EXERCISE OBJECTIVE
Your answer must be an exact transcription of the data, with every picture omitted.
[RECORDS SUPPLIED]
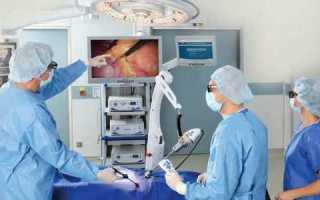 Проявления и развитие панкреатита после холецистэктомии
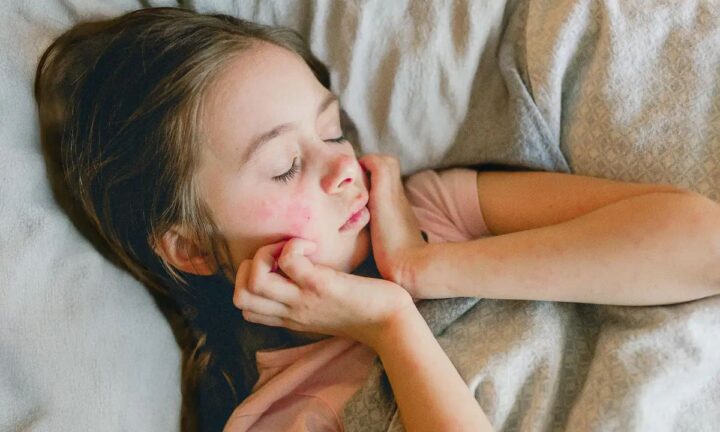 湿疹は単なる皮膚トラブルではない　家庭でできる5つのケア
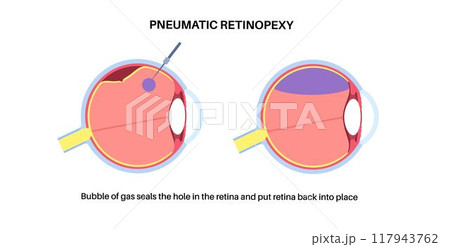 Pneumatic retinopexy poster Pneumatic retinopexy poster 117943762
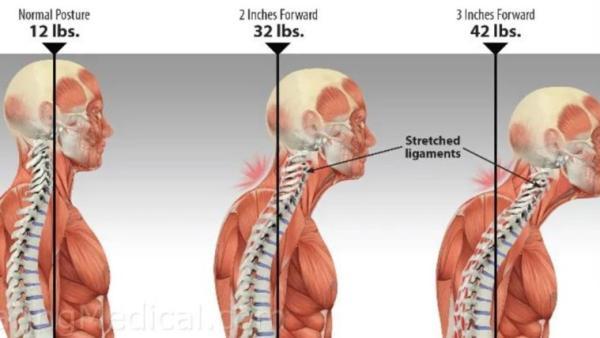 چطور ناهنجاری گردن پیامکی یا رو به جلو را اصلاح کنیم تا درد گردن و کمر بالایی خود را کاهش دهیم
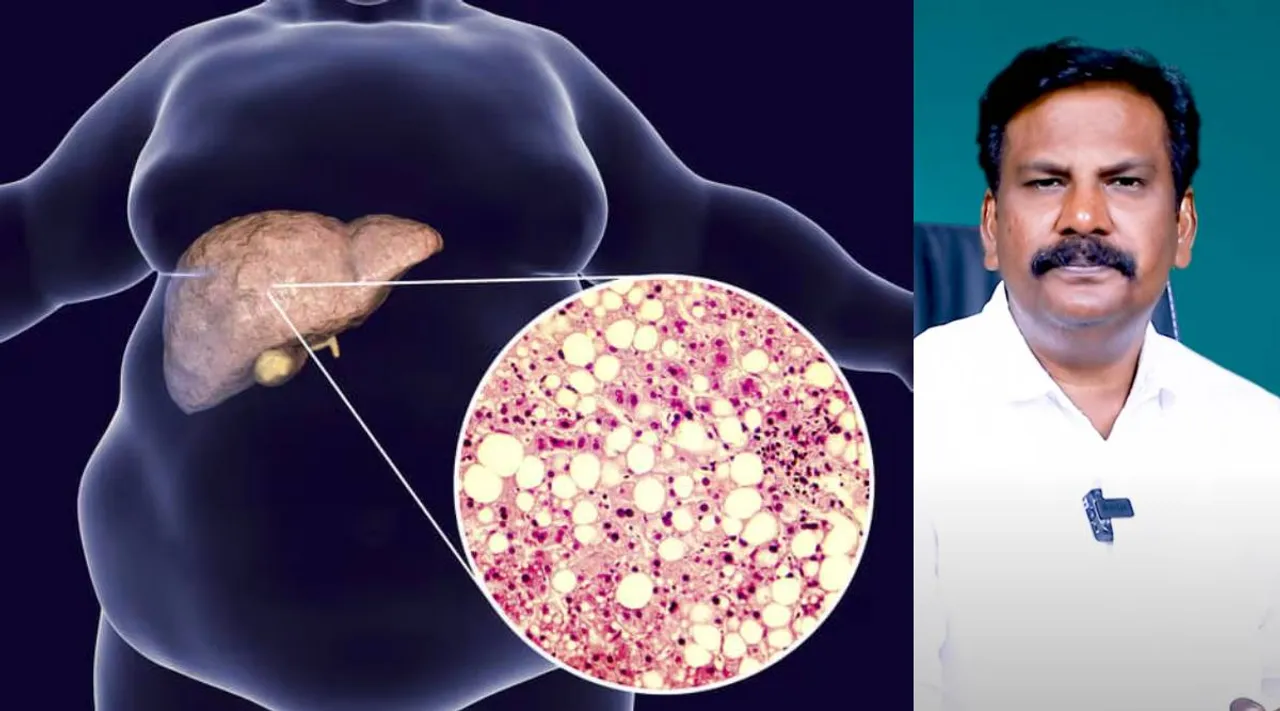 Fat that sticks to the liver.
[/RECORDS SUPPLIED]
REPLY TO THE TASK
 Проявления и развитие панкреатита после холецистэктомии
 湿疹は単なる皮膚トラブルではない　家庭でできる5つのケア
 Pneumatic retinopexy poster Pneumatic retinopexy poster 117943762
 چطور ناهنجاری گردن پیامکی یا رو به جلو را اصلاح کنیم تا درد گردن و کمر بالایی خود را کاهش دهیم
 Fat that sticks to the liver.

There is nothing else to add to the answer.